Dynamic Entitlements

October 10, 2016

By John O'Malley

Around a year ago my team was given the task of creating a cloud infrastructure in AWS for a new generation of custom application development for a Fortune 500 company. One necessary piece of the puzzle would be a new entitlement system; our legacy systems were clearly obsolete and inadequate. We decided to model our entitlement system using Neo4j, a popular graph database.

The Legacy Environment

Our legacy services relied on a combination of an aging home-grown entitlement system and Active Directory groups, with an abstraction layer on top which represented an attempt to unify and simplify the two disparate designs. All entitlements existed in a single global namespace; so one would have a global role list with values like FOO_BAR_EDITOR and SOME_APP_USER.

Granting access was a frustrating process. In the case of AD groups the process required creating a ticket in a generic workflow management tool and then waiting for an approval. The process relied on two rounds of email and could take a week or more in the worst case. The older, home-grown system was actually a bit more convenient to use but still required manual intervention.

What was perhaps the most frustrating for teams was the lack of automation. Generally, if you joined an organization a baseline of entitlements was implied; if, for example you joined the 'Foo Bar' organization it was expected that your request for the FOO_BAR_USER entitlement would of course be approved. But someone would still have to respond to the approval email.

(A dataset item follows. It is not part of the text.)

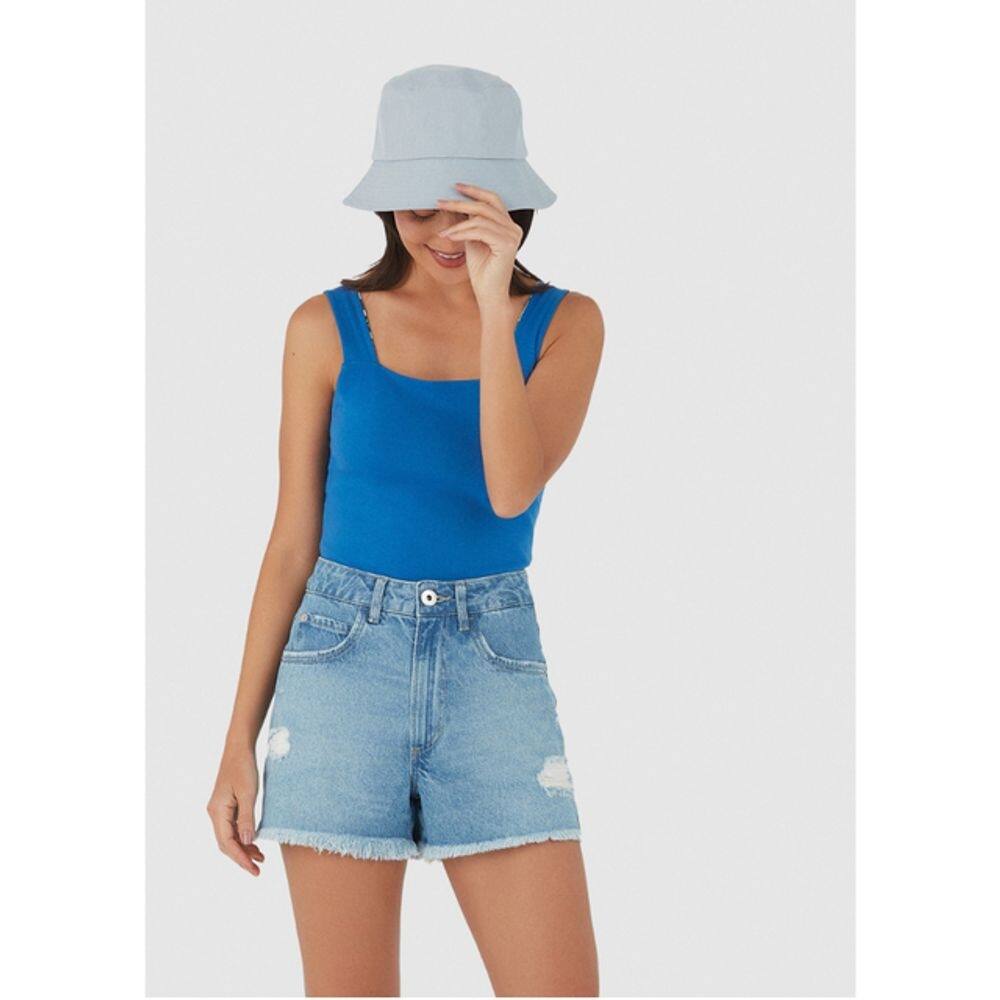 Short Jeans Feminino Barra Desfiada Malwee Ref. 110621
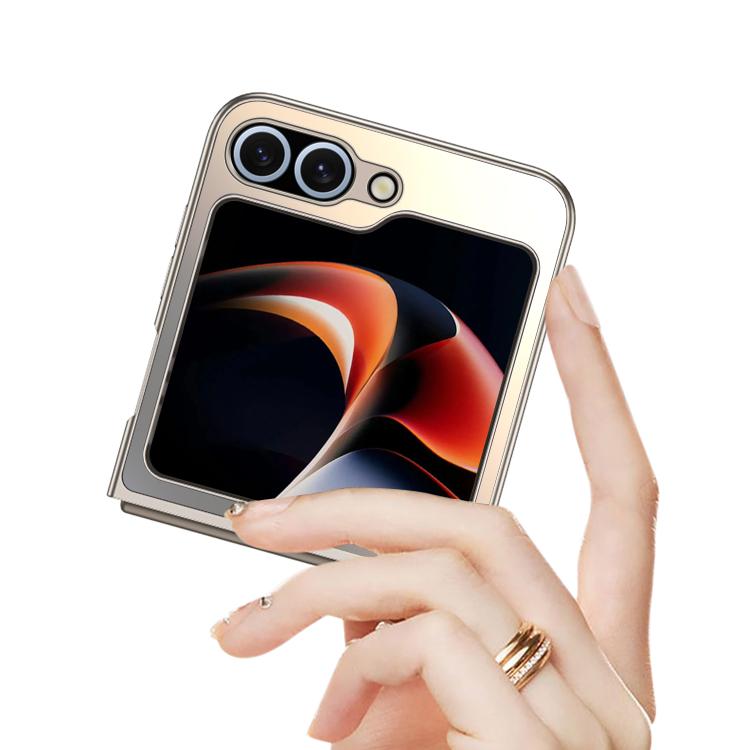 Funda plegable antigolpes con acabado esmerilado AG para Samsung Galaxy Z Flip5 5G (negra)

To address this last point, the concept of dynamic entitlements was proposed; i.e. entitlements implied by metadata rather than explicitly associated with a user or group.

Why Neo4j?

As a model centered on entities and relationships emerged, two choices for the data layer become evident: a traditional relational DB (using RDS) or a graph DB (which we would have to host ourselves on EC2). While RDS has obvious advantages, Neo4j ultimately won out for a number of reasons:

  • Traditional relational databases can model arbitrary depth hierarchical relationships, but generally require a complex query syntax. With Neo4j such relationships were straightforward.
  • Neo4j and Cypher offer an elegant and succinct way to create, query, and visualize relationships.
  • Often, the same relationship (semantically speaking) can exist between two pairs of nodes whose logical schemas may not match. For instance, in the example model below the :GRANTED_TO relationship is defined as a relationship between an entitlement and a user OR and entitlement and an organization. Modeling such a concept in a relational database would be unnecessarily complex.
  • Neo4j doesn't require that you produce a strict schema while still allowing integrity constraints and indices.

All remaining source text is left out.